ORE User Guide - HTTP Implementation and Multiple Serializations

Abstract

Open Archives Initiative Object Reuse and Exchange (OAI-ORE) defines standards for the description and exchange of aggregations of Web resources. This document describes implementation of OAI-ORE using HTTP [RFC2616], the must widely used protocol of the current World Wide Web. Mechanisms that support multiple Resource Maps in different serializations are described in detail. This user guide is one of several documents comprising the OAI-ORE specification and user guide.

1. Introduction

The use of HTTP URIs to identify ORE Aggregations and Resource Maps leverages the extensive infrastructure and tools of the current World Wide Web [Web Architecture]. HTTP is the best supported protocol of current web browsers, crawlers, search engines, feed aggregators, and many other tools. HTTP provides mechanisms that allow the Aggregation, which is a non-information resource in the sense of the Web Architecture, to yield or redirect to a Resource Map as required by the ORE Model [Data Model]. HTTP is thus the RECOMMENDED protocol and associated URI scheme for ORE Aggregations and Resource Maps.

There may be one or more Resource Maps that describe a particular Aggregation. These will likely differ in their serialization format and serialization specific metadata (e.g. creation time), and are thus separate resources from a Web Architecture standpoint. Each Resource Map should have a different URI (ReM-1, ReM-2, etc.) and it is incorrect to make multiple Resource Maps available from a single URI via content negotiation.

In application domains such as scholarly communication, there are already many aggregations of resources on the web. These are often described by HTML "Splash Pages" such as http://arxiv.org/abs/astro-ph/0601007. which provide description of an the aggregation and access to components. Splash Pages and the URIs that identify them are NOT ORE Aggregations or Resource Maps. However, with RDFa and microformats it is possible to embed a Resource Map in a Splash Page and we discuss this case below. If there exists a Splash Page that does not contain an RDFa or microformat representation of a Resource Map then that page should not be available via content negotiation from the Aggregation.

This document is divided into sections which describe different HTTP implementation scenarios. These scenarios differ in the server requirements needed to support them, and in the URI structure that results. Section 2 describes a clean and extensible implementation strategy requiring some HTTP server support. This is the RECOMMENDED strategy. Section 3 describes a limited but very simple implementation strategy that requires no HTTP server support beyond the ability to serve files. Section 4 describes implementation with RFDa or microformats either alone or in addition to other formats. Finally, section 5 gives the recommended behaviour of HTTP Proxy URIs and details of the ORE Proxy URI resolver at http://oreproxy.org/r.

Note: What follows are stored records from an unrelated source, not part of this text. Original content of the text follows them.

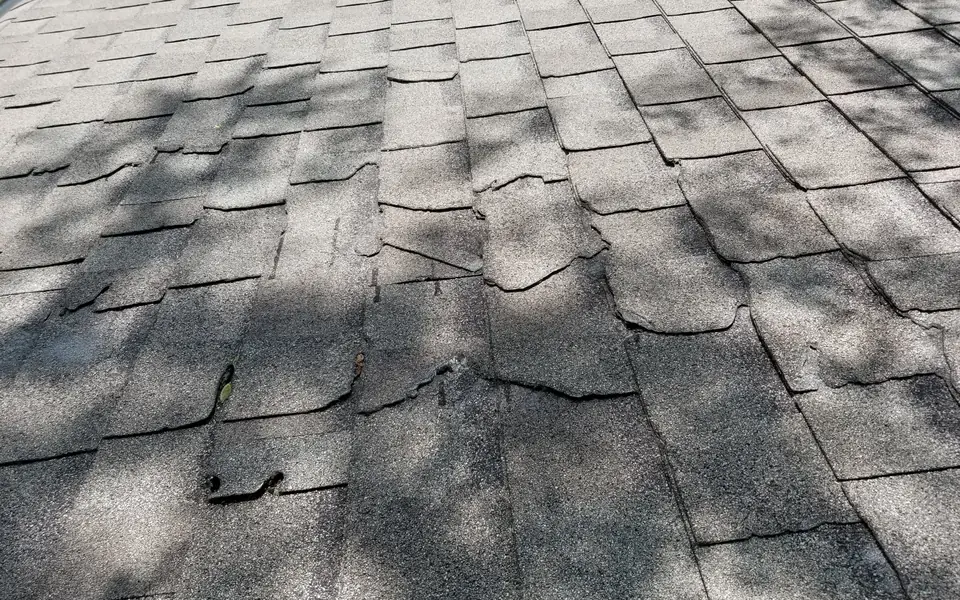 Seamless Gutters & Downspouts in Lubbock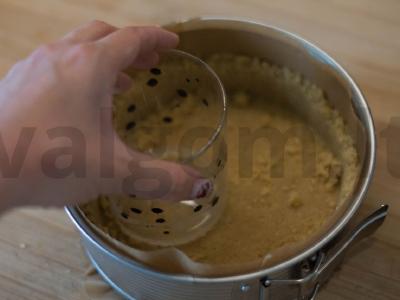 Banoffee pyragas Žingsnis 3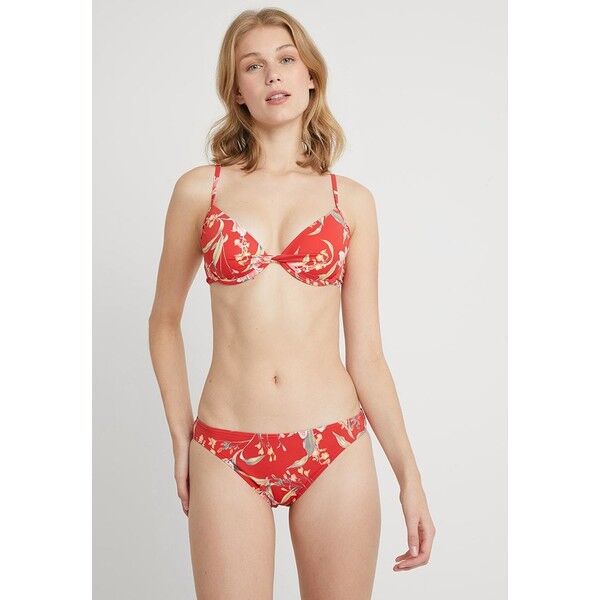 Marc O'Polo SET Bikini chilli rot MA381L009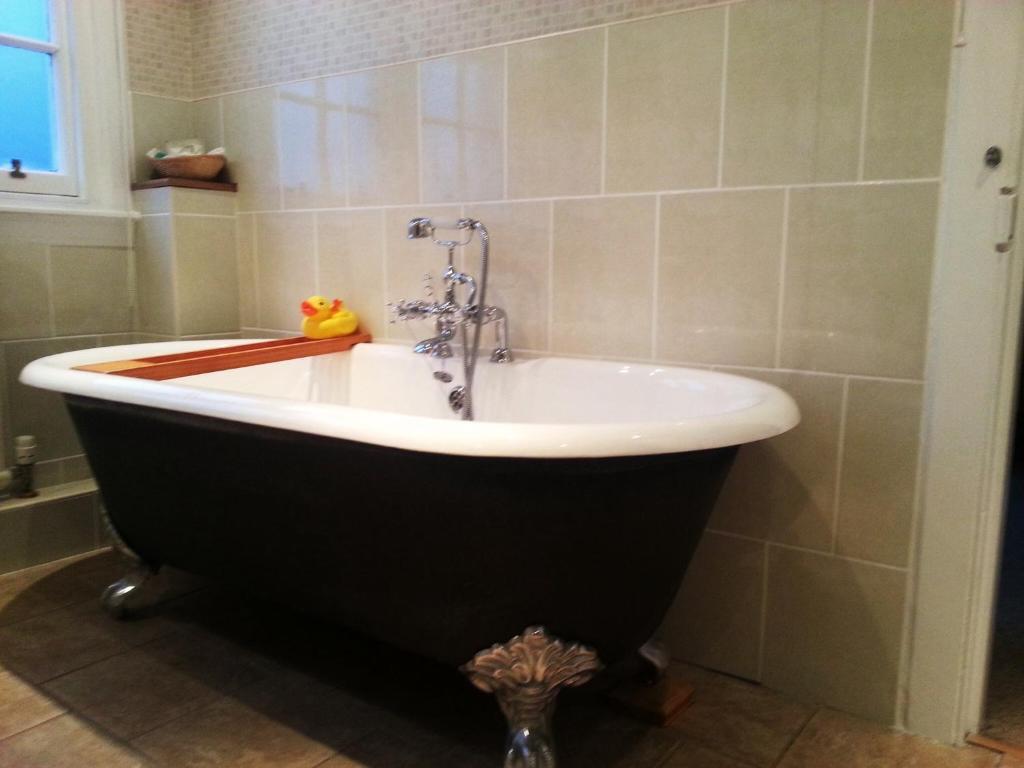 Westcot Callander Quarto foto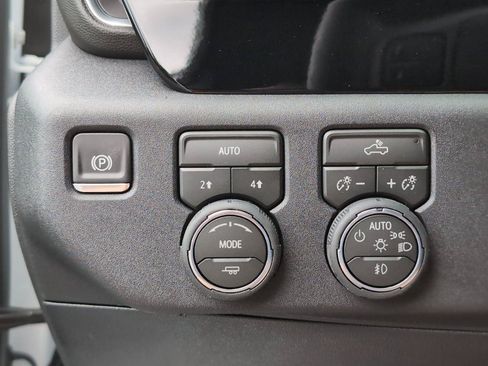 New 2026 Chevrolet Silverado 1500 RST w/ RST Select Package AWD/4WD image 31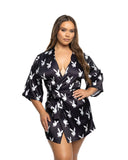 Playboy Chill Bunny Robe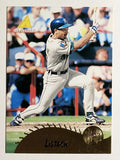 1995 Pinnacle #433 Pat Listach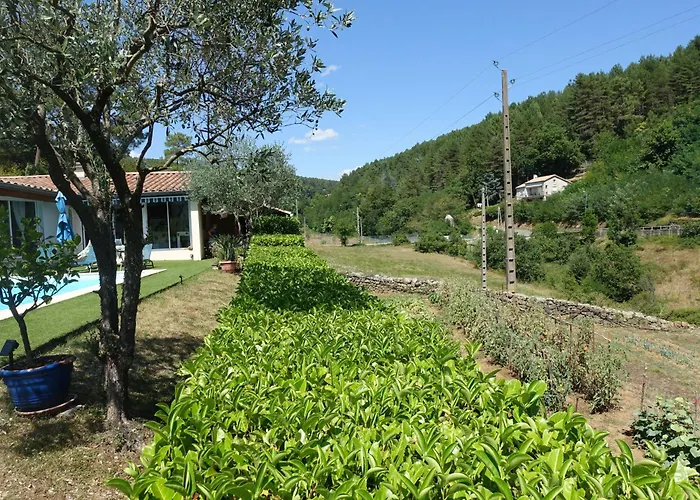 Independant, Climatise, Piscine Rien Que Pour Vous, Classe 2 Etoiles Casa de Férias *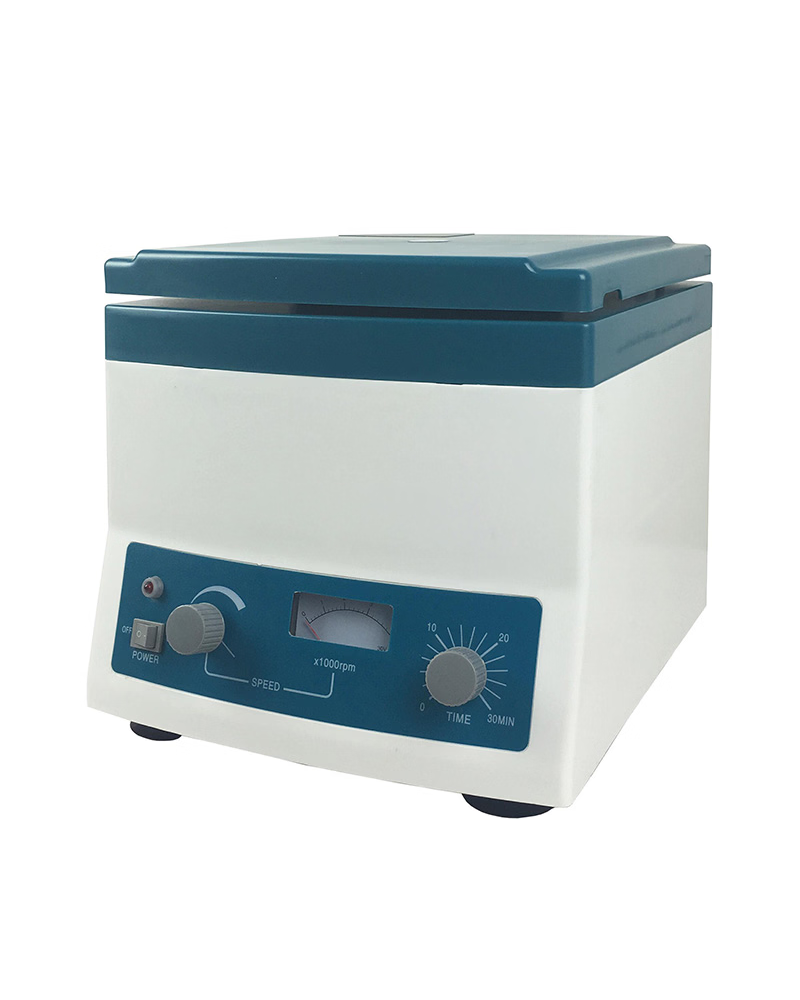 Centrifugeuse de table, Modèle CH90-4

2. Cool URI implementation with some HTTP server support

This implementation strategy is motivated by the desire to use Cool URIs and to allow easy extensibility to new or additional serializations. We first consider the simple case of one Resource Map available to describe an Aggregation, and the mechanisms used to tie the Aggregation and Resource Map resources together. Section 2.2 then extends this to the case of multiple Resource Maps describing the same Aggregation.

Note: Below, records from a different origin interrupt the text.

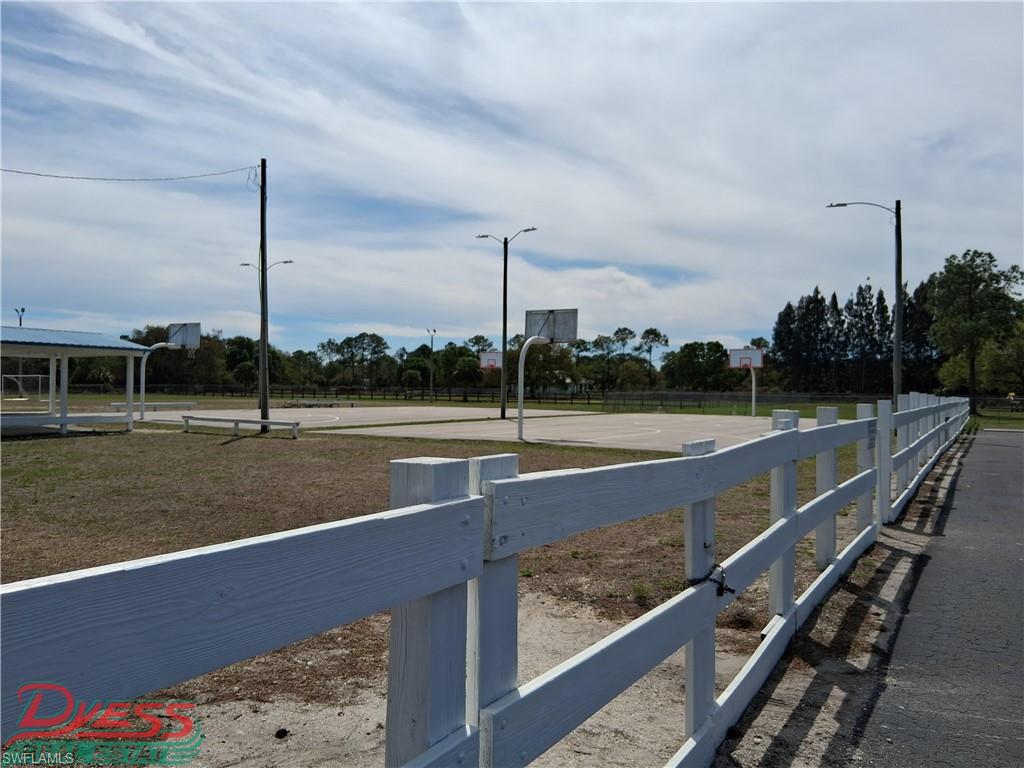 MONTURA RANCH ESTATES - Residential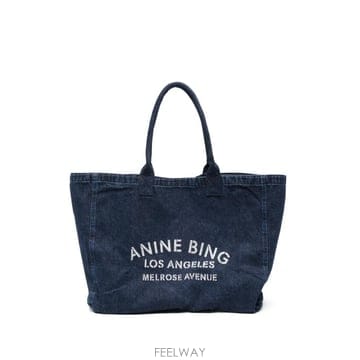 Anine Bing 26FW �ִϺ� ��Ʈ�� A1312677WHD93 INK BLUE26FW �ִϺ� ��Ʈ�� A1312677WHD93 INK BLUE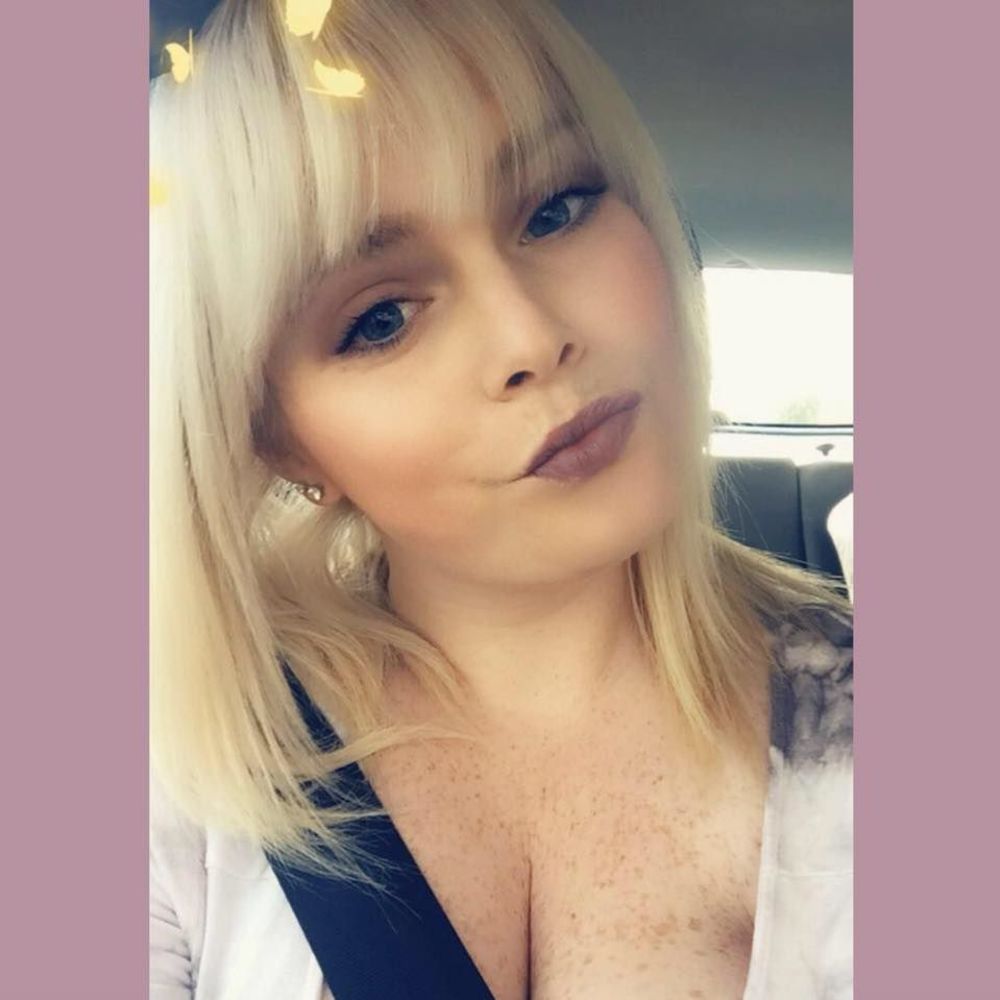 Meet your Posher, Dallas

2.1 Cool URIs for one Resource Map describing an Aggregation

Consider the following example Aggregation and Resource Map URIs:

Aggregation:   A-1   = http://example.org/foo
Resource Map:  ReM-1 = http://example.org/foo.atom

Both A-1 and ReM-1 SHOULD be resolvable. The Resource Map, with URI ReM-1, is an information resource and access SHOULD yield a representation of the Resource Map (in this case an Atom serialization, see [Atom Resource Maps]). The Aggregation, with URI A-1, is described by the Resource Map available from ReM-1 and access to A-1 SHOULD lead a user or agent to the Resource Map. There are two good mechanisms for doing this in HTTP -- content negotiation and redirection:

Content negotiation -- even though there is just one Resource Map available to describe Aggregation A-1, HTTP transparent content negotiation can be used to return the Resource Map from A-1. The mechanism is described in RDF2295 (see also Apache Content Negotation for an example implementation). The key elements of the process are that when a client requests A-1, the server may instead respond with a Resource Map. The response MUST include a Content-Location header that indicates that the response is actually from URI ReM-1.
Redirection -- as an alternative to content negotiation, a server may respond to a request for A-1 with a 303 See Other redirect to ReM-1. This strategy is described in the Linked Data Tutorial.

The URIs A-1 and ReM-1 do not have to be related in the manner shown above although this is one common arrangement and is supported by Apache. While the appropriate choice for a given system will likely be influenced by other considerations, it should not be forgotten that "good URIs do not change" [URI Style] and that later expansion is often required as systems evolve.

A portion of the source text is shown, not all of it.